Tuesday, October 10, 2006

Technology thwarts RAID data loss

eWEEK, December, 2000 , by Kris Land

Land-5 Corp. has developed a software-based technology that gives RAID storage systems the ability to sustain multiple drive failures without risking data loss.

Based on 10 years of R&D, Land-5's RAIDn technology lets IT managers select how many disk drive failures a storage subsystem can sustain without risking data loss.

"The last enhancement to RAID was 15 years ago," said Kris Land, founder and chief technology officer of Land-5, in San Diego. "Yet every single storage system on the planet runs on 15-year-old technology. It is about time to update it."

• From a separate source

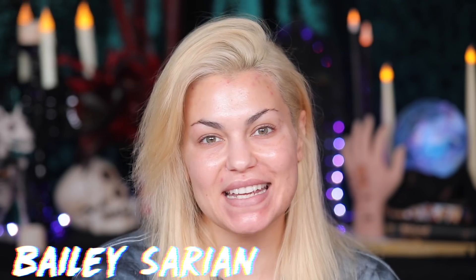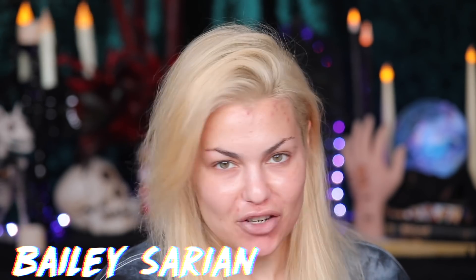Hi friends, how are you today? I hope you are having a wonderful day so far. Happy Saturday. My name is Bailey Sarian and today is Saturday, which means it's Saturday.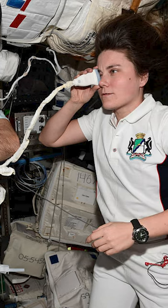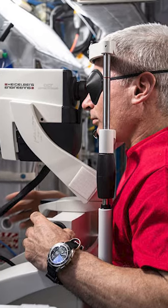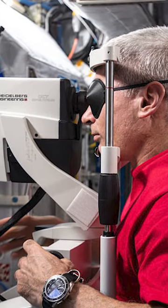We have different devices on board, like an OCT, where we can examine each other's eyes and see how we're doing. I did bring some reading glasses along, just in case my vision shifted, so I could still be able to see the displays in the spacecraft.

Thus far, RAID Level 1+5, which offers both mirroring and parity, can handle up to three disk drive failures.

"For the first time, you have the ability on a drive-per-drive basis to select the level of insurance you want on your RAID box," Land said. "You get to choose the level you want by simply choosing that number."

One systems integrator believes Land-5 is raising the bar for RAID technology.
"This is going to change the way the world does [RAID]," said Lee Elizer, president and CEO of DataThink Inc., in Boulder, Colo. "RAIDn needs some evangelizing, but this is the RAID of the future."

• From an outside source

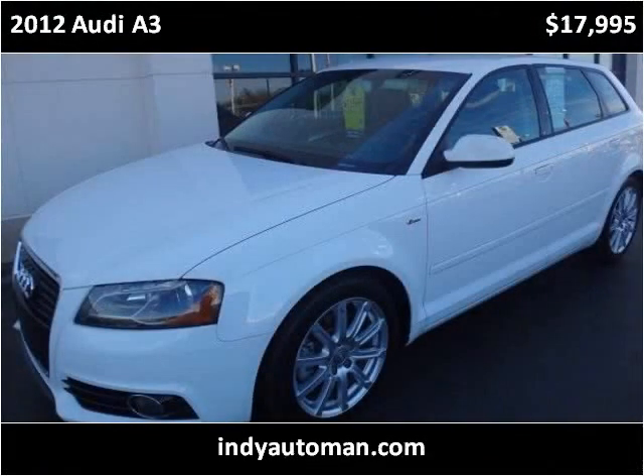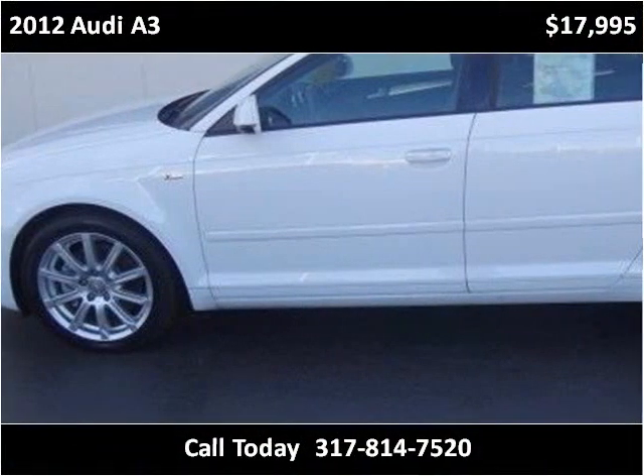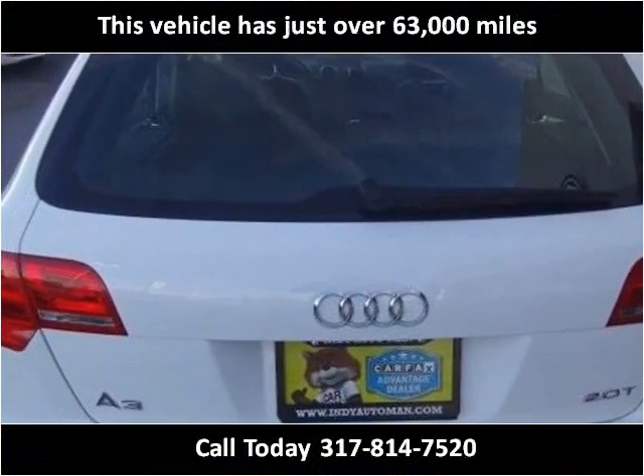This 2012 Audi A3 is available from IndyAutoMan. This vehicle has just over 63,000 miles.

Land-5 officials said they expect to begin beta tests on RAIDn within two weeks.
Currently, RAIDn technology has been implemented in Linux operating system software. Land said it will also be available in firmware for hardware controllers in 30 to 60 days, and it will be implemented in an application-specific integrated circuit in about 90 days.

One of the biggest challenges customers face with RAID has been deciding which level to choose. If customers wanted higher reliability, they sacrificed cost, capacity and performance. If customers wanted higher performance, the trade-off was lower reliability.

For instance, RAID 0, which stripes data across drives, offers maximum performance capacity, but reliability is sacrificed because if one drive is lost, data is lost.

RAID 1, which also stripes data across drives, offers higher reliability because it can handle at least one drive loss, but it gives lower performance.

"This is going to change the way people think," Land said. "Now you only have to ask two questions: What are the total number of drives you want to use, and what is the total level of redundancy you want on them?"

Kris Land is the chief technical officer of LAND-5 Corporation (San Diego, CA).